Adopting Huber’s (2012) argument that forensic accounting has become a profession, this paper examines whether the forensic accounting profession and the forensic accounting certification industry should be regulated. Several recent studies have uncovered significant problems within the forensic accounting profession and the forensic accounting certification industry. The failure of forensic accounting corporations to disclose either their legal status or the qualifications of their officers and directors, their failure to publish financial statements, and their failure to adopt or enforce a Code of Ethics or Standards of Practice, were among the most significant problems uncovered. The failures of the corporations were exacerbated by forensic accountants’ failure to investigate diligently the corporations that issued their certifications prior to obtaining their certifications. This resulted in a significant number of forensic accountants holding certifications from corporations that were inconsistent with their beliefs that a forensic accounting corporation should be not-for-profit, and their officers and directors should be qualified.

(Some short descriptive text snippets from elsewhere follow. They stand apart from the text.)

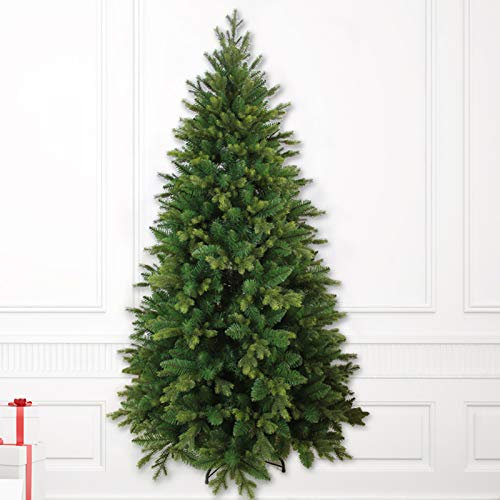 NAMUlA Künstlicher Weihnachtsbaum, PE + PVC + Kiefernnadel-Hybrid, automatische Weihnachtsbäume mit Metallständer, Urlaubsdekoration, Weihnachtskiefer, Grün, 300 cm (10 Fuß) Fashionable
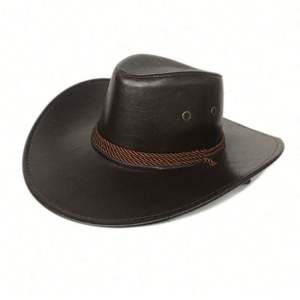 Sombreros Estilo Vaquero Americano, Imitación Cuero, con Banda Absorbente, para Actividades al Aire Libre, Viajes, Hombres y Mujeres, Z-19122715, 5-8 Días - Product Image 3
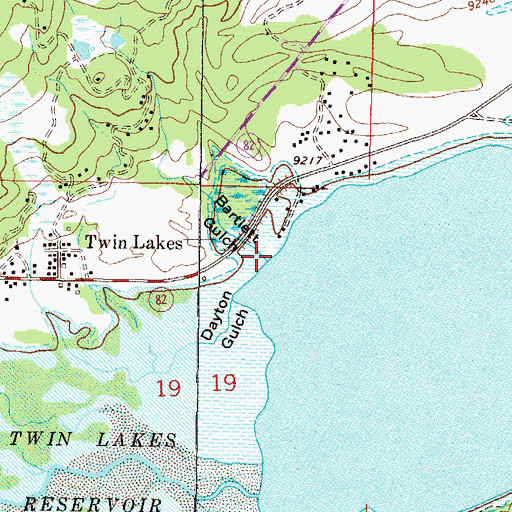 Topographic Map of Bartlett Gulch, CO
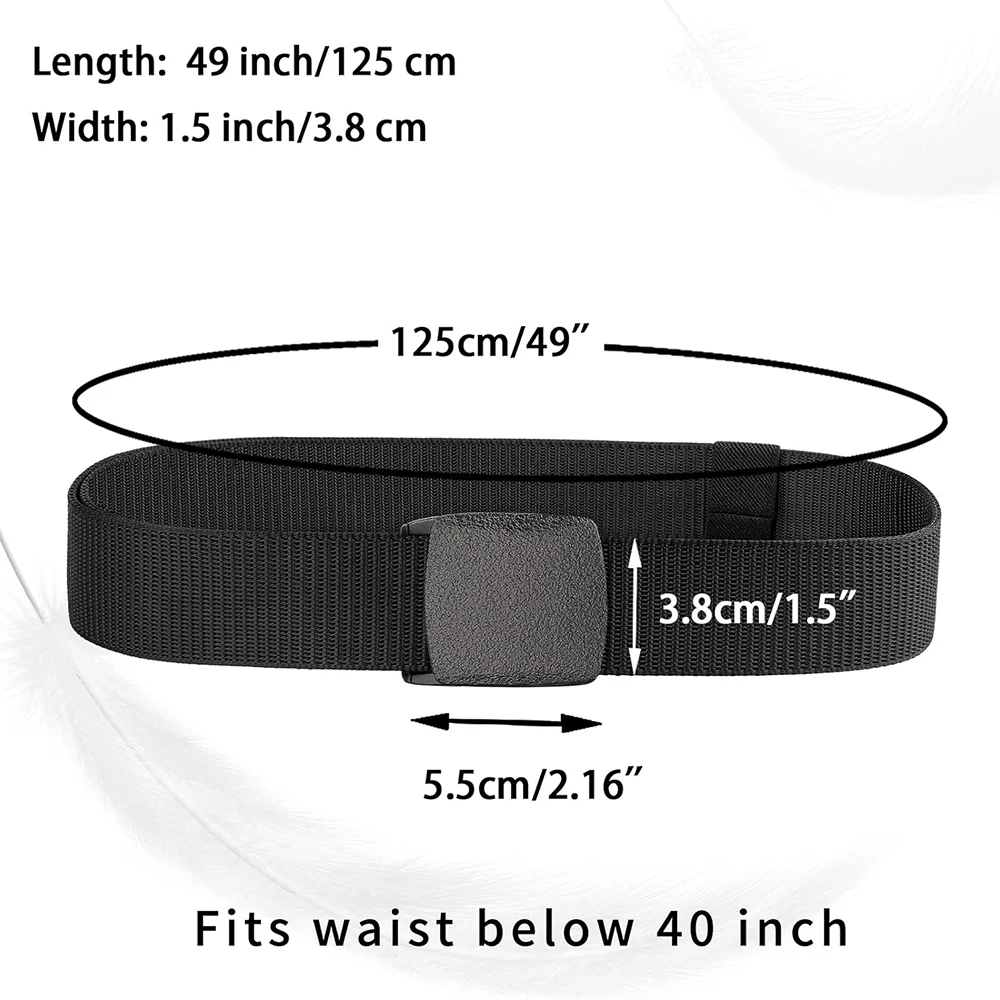 Durable Hot Selling Tactical Fashion Nylon Belt Lightweight Plastic Buckle Metal Free Tactical Belt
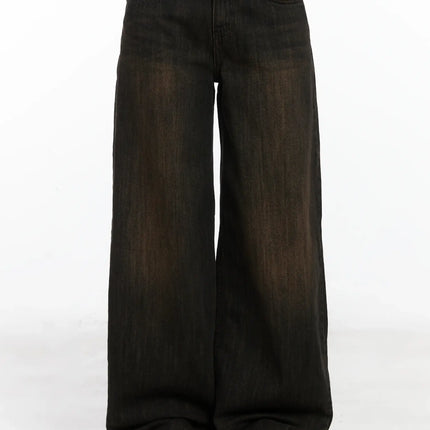 winnie-brown-baggy-jeans-cd502 / Black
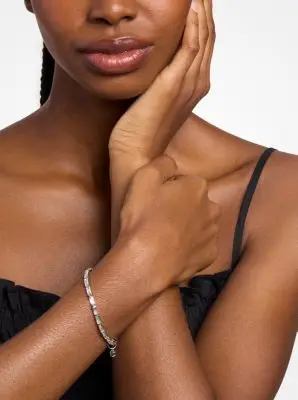 MK Bracciale tennis con zirconia cubica - Argento - Michael Kors miniatura 2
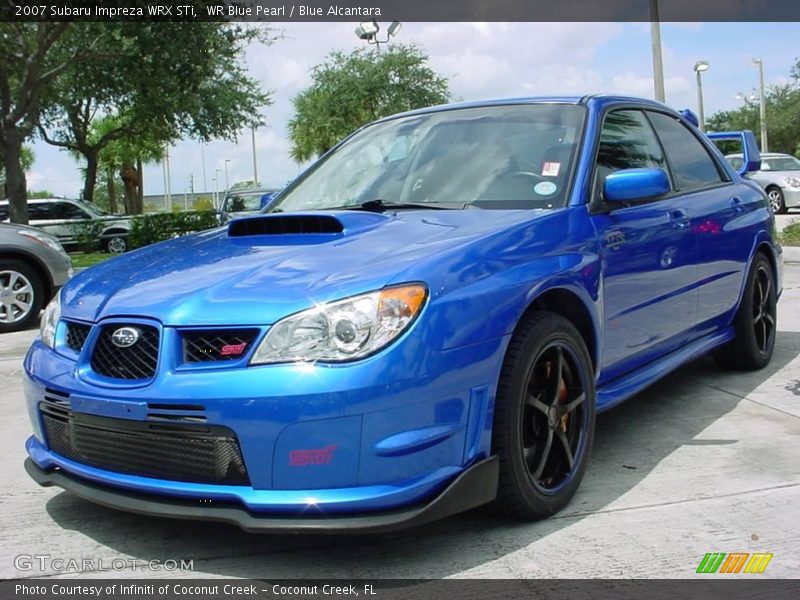 WR Blue Pearl / Blue Alcantara 2007 Subaru Impreza WRX STi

Those studies suggested three alternatives for addressing the problems: voluntary action by the corporations, establishing an independent agency for accrediting the corporations and certifications, and regulatory intervention. However, the feasibility of the recommended alternatives was not sufficiently evaluated to be able to arrive at a conclusion for recommending which alternative should be implemented.

This paper evaluates the feasibility of alternative solutions. It concludes that the most realistic alternative is for government regulation of forensic accounting in the form of legislation at the state level.